Chicago journalists discuss media and political perspectives at Loyola forum
By Jason Rhein
Chameleon Staff Writer
Journalists from media outlets in the Chicago area participated in a forum on Tuesday, September 11, which was put on by Loyola University Chicago’s School of Communication in Corboy Law Center, to discuss the objectiveness of the media during the 2012 presidential campaign and hot issues that the media is covering.
The forum, titled, Bridging the Great Divide: Partisan Politics, the Press and the Modern Presidential Campaign, was hosted by Phil Ponce, host of WTTW’s Chicago Tonight and a professor of journalism at Loyola, and consisted of Tom Bevan, co-founder and executive editor of RealClearPolitics; Daniel Libit, political reporter for The Daily; Kristen McQueary, editorial board member for the Chicago Tribune; Salim Muwakkil, senior editor of In These Times and radio host for WVON-1690-AM; and Jim Warren, editor-at-large for Newsweek and The Daily Beast.
The panelists discussed the role that the media plays in today’s politics, stating that many media outlets are progressive in society and often push toward one political party or another.

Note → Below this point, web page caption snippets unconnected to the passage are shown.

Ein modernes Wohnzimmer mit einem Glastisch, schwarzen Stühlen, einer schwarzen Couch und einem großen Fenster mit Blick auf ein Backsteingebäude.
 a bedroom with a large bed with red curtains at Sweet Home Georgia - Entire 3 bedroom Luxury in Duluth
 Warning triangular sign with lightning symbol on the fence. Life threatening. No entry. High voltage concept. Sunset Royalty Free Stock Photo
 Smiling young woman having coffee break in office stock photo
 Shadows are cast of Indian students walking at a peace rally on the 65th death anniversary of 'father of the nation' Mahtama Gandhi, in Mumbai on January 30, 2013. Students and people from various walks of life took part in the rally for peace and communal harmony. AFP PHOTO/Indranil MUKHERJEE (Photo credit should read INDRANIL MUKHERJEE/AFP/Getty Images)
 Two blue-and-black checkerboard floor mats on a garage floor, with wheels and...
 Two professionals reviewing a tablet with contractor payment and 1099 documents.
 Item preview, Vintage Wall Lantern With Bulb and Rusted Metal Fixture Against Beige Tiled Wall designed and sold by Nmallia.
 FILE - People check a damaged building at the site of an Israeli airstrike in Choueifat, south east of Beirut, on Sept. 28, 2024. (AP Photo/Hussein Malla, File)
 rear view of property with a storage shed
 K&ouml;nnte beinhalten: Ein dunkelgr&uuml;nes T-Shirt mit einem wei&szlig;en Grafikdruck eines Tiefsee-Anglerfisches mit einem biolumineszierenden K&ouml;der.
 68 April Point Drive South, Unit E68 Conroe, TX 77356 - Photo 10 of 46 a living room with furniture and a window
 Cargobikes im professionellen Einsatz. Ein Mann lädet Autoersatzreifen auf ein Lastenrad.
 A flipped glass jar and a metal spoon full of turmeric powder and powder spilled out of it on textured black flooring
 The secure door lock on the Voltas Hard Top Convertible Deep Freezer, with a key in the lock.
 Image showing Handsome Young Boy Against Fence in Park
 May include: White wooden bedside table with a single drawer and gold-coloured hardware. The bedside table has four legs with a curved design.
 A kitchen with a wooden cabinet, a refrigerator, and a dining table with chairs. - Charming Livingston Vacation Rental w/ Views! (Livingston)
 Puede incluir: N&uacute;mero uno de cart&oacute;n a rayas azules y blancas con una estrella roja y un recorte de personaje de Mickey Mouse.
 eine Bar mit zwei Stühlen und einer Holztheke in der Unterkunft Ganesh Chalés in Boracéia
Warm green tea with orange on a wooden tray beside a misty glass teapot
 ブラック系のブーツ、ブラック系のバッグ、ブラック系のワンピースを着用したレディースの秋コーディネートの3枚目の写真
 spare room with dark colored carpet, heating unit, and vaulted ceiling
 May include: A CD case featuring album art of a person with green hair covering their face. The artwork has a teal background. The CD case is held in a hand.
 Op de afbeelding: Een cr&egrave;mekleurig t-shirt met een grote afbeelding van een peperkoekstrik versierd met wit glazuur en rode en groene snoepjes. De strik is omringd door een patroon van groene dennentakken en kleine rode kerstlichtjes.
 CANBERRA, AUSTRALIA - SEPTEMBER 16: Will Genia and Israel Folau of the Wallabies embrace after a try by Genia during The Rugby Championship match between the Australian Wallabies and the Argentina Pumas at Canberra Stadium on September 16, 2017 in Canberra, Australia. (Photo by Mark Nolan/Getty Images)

The form quickly shifted into a discussion about what the major political parties believe and how these views are put into place in major news outlets.
The majority of the participants expressed that a necessity for journalists today is checking the facts and making sure that everything is in proper context, otherwise readers or viewers will not trust their news sources.
“Our stories are grass on the field that news consumers graze. We [journalists] no longer control the news,” said Libit, expressing the importance of gaining the readers’ trust.
The debate at the forum heated up with discussions about the Tea Party and whether or not this party is racist. Muwakkil claimed that many of the Tea Party members are “white supremacists.”
The other panel members quickly shot this idea down, explaining that Tea Party members have actually diversified the Republican Party.
Muwakkil then expressed his beliefs about how the 2008 election has affected African-Americans, stating that there is great pride in having an African-American President. However, the opposition level and ambition of African-Americans has decreased because they are now in a position of power.
The forum ended with a brief question and answer session from the audience and advice from the professionals for journalism students at Loyola.
The panelists concluded that students should remain optimistic, contrarian, skeptic, cosmopolitan and curious in order to become successful in the always-changing field of journalism.